Vladivostok | Le dirigeant nord-coréen Kim Jong-un a quitté vendredi Vladivostok après son premier sommet avec Vladimir Poutine, auprès duquel il s’est plaint de la «mauvaise foi» des Américains dans la crise nucléaire.
La longue rencontre jeudi entre les deux hommes a été «amicale», s’est félicitée l’agence nord-coréenne KCNA. Même si elle ne s’est pas traduite par des annonces concrètes, elle a permis à Pyongyang de renouer au plus haut niveau avec son allié de la Guerre froide et à Moscou de revenir au premier plan de la crise coréenne.
Le train blindé vert-olive de la délégation nord-coréenne s’est ébranlé vendredi matin de la gare de ce port du Pacifique, pour un voyage d’une dizaine d’heures vers Pyongyang.
M. Kim «a promis de revenir, la ville lui a bien plu», a assuré à la presse le gouverneur régional Oleg Kojémiako après le départ du train.
Kim Jong-un a passé cinq heures avec le président russe, en tête à tête puis en réunion de travail entre délégations et lors d’un dîner de gala où ils ont échangé toasts et cadeaux. Une rencontre «ouverte et amicale», a-t-il estimé, selon l’agence KCNA, disant espérer «un nouvel âge d’or» dans les relations entre Pyongyang et Moscou.
Vladimir Poutine a «promptement accepté» son invitation à se rendre en Corée du Nord, selon la même source.
Rien à voir avec l’échec retentissant du sommet à Hanoï avec Donald Trump en février, qui a porté un coup à la détente observée depuis l’année dernière sur la péninsule nord-coréenne.
Les États-Unis y ont «adopté une attitude unilatérale de mauvaise foi», a assuré le dirigeant nord-coréen à son homologue russe, selon KCNA, avertissant: «La situation dans la péninsule coréenne et dans la région se trouve actuellement dans une impasse et a atteint un point critique».
«Réparer les erreurs» de Washington
À Hanoï, théâtre du deuxième sommet Trump-Kim, la Corée du Nord avait cherché à obtenir un allègement immédiat des sanctions internationales décidées pour la contraindre de renoncer à ses armes atomiques. Mais les discussions avaient été écourtées en raison de désaccords profonds avec Washington, notamment sur les concessions que Pyongyang était prêt à faire.
La semaine dernière, Pyongyang avait haussé le ton en se livrant à une attaque d’une rare violence contre Mike Pompeo, exigeant que le secrétaire d’État américain ne participe plus aux discussions sur la dénucléarisation.

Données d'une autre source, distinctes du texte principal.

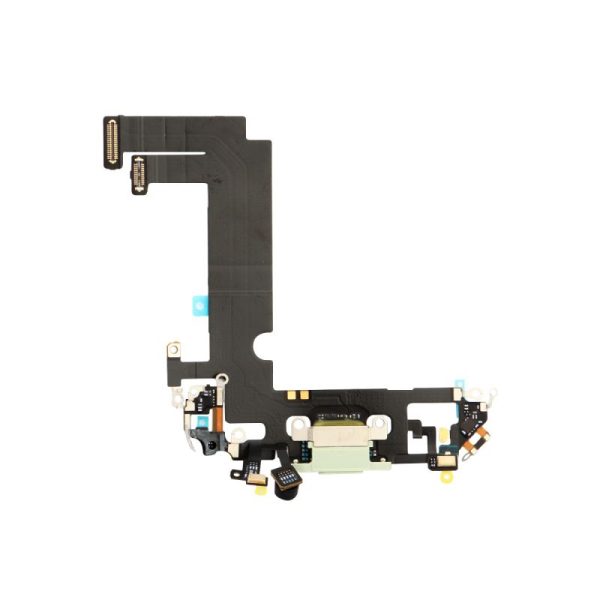 Connecteur de charge Lightning pour iPhone 12 Mini Vert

Le sommet de Vladivostok, premier à ce niveau depuis celle en 2011 entre l’ex-président Dmitri Medvedev et Kim Jong Il, «répare les erreurs commises par la diplomatie américaine sur toute une série de sujets», a estimé la porte-parole de la diplomatie russe Maria Zakharova à la radio Echo de Moscou, accusant Washington d’avoir «précipité la région au bord de la crise de nerfs».
Moscou prône un dialogue avec Pyongyang sur la base d’une feuille de route définie par la Chine et la Russie. Cette dernière a déjà demandé la levée des sanctions internationales, tandis que les États-Unis l’ont accusée d’aider Pyongyang à les contourner.
Retard
En fin de rencontre, le président russe s’est dit favorable comme les États-Unis à une «dénucléarisation totale» et jugé un règlement «possible», à condition d’offrir à Pyongyang des «garanties de sécurité et de souveraineté» et de favoriser le «droit international» au «droit du plus fort».

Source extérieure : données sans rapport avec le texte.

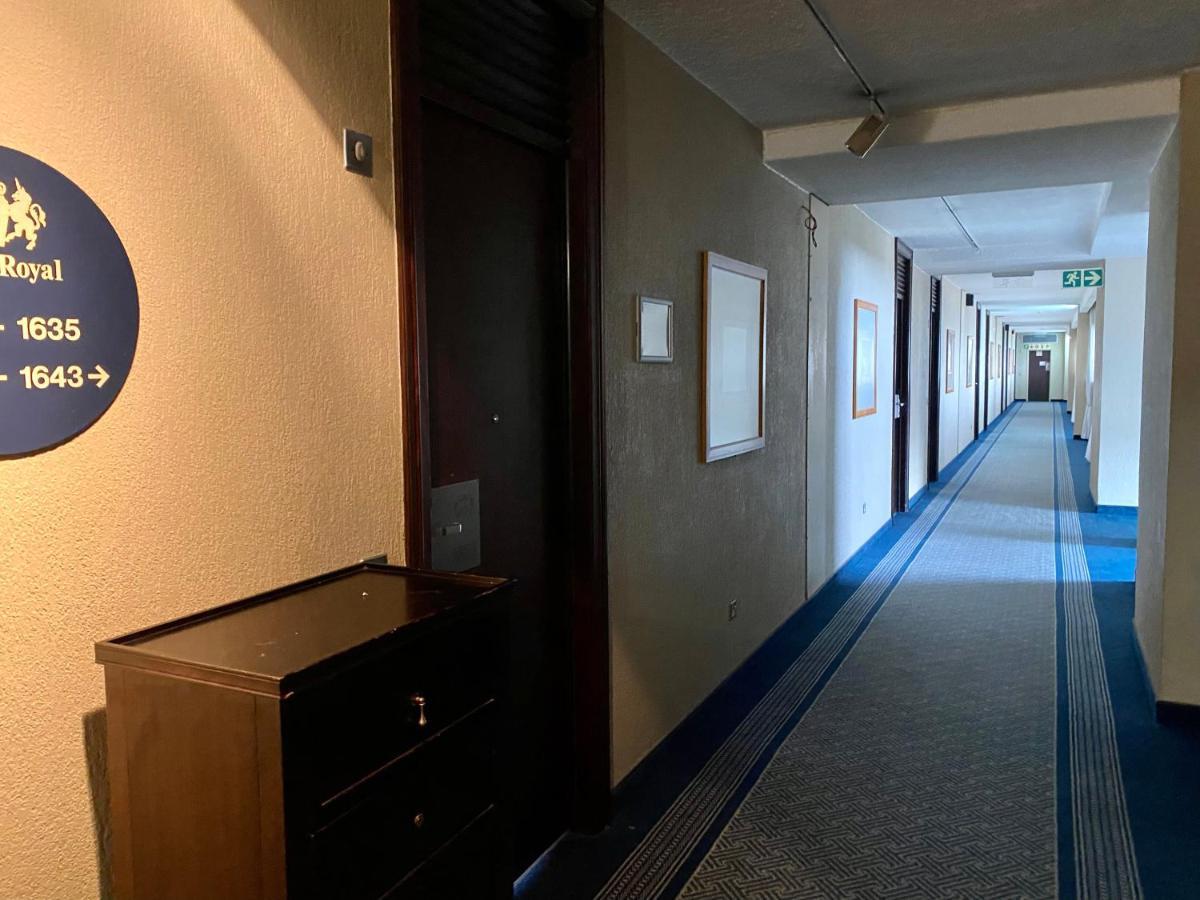 The Royal Hotel By Coastlands Hotels & Resorts Durban Bagian luar foto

L’entrevue constituait pour le dirigeant nord-coréen la première rencontre avec un chef d’État étranger depuis son retour de Hanoï et le dernier exemple de la stratégie diplomatique d’un régime qui cherche à se dédiaboliser.
Ayant obtenu le soutien recherché, Kim Jong-un n’a pas traîné à Vladivostok. Alors que les médias russes avaient évoqué une possible visite de l’aquarium local et une soirée au ballet, il s’est contenté vendredi, avant de reprendre le train, de participer --avec deux heures de retard-- à un dépôt de gerbe puis à une réception dans un restaurant où s’était rendu son père en 2002.

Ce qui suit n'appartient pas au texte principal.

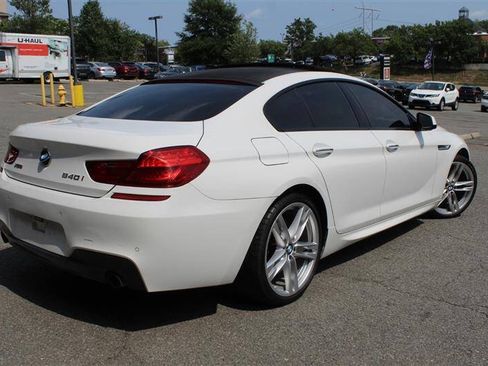Used 2014 BMW 640i Gran Coupe xDrive AWD/4WD image 5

Malgré ses invitations répétées, la Russie était restée jusqu’à présent à l’écart de la détente récente: M. Kim a rencontré depuis mars 2018 quatre fois le président chinois Xi Jinping, trois fois le président sud-coréen Moon Jae-in et deux fois M. Trump.
Mais le dirigeant nord-coréen cherche, outre des soutiens dans son bras de fer avec Washington, un certain rééquilibrage de ses relations entre Pékin, son plus proche soutien, et Moscou, son ancien allié de la Guerre froide. C’est l’URSS qui avait placé au pouvoir son grand-père et fondateur de la République populaire démocratique de Corée (RPDC), Kim Il Sung.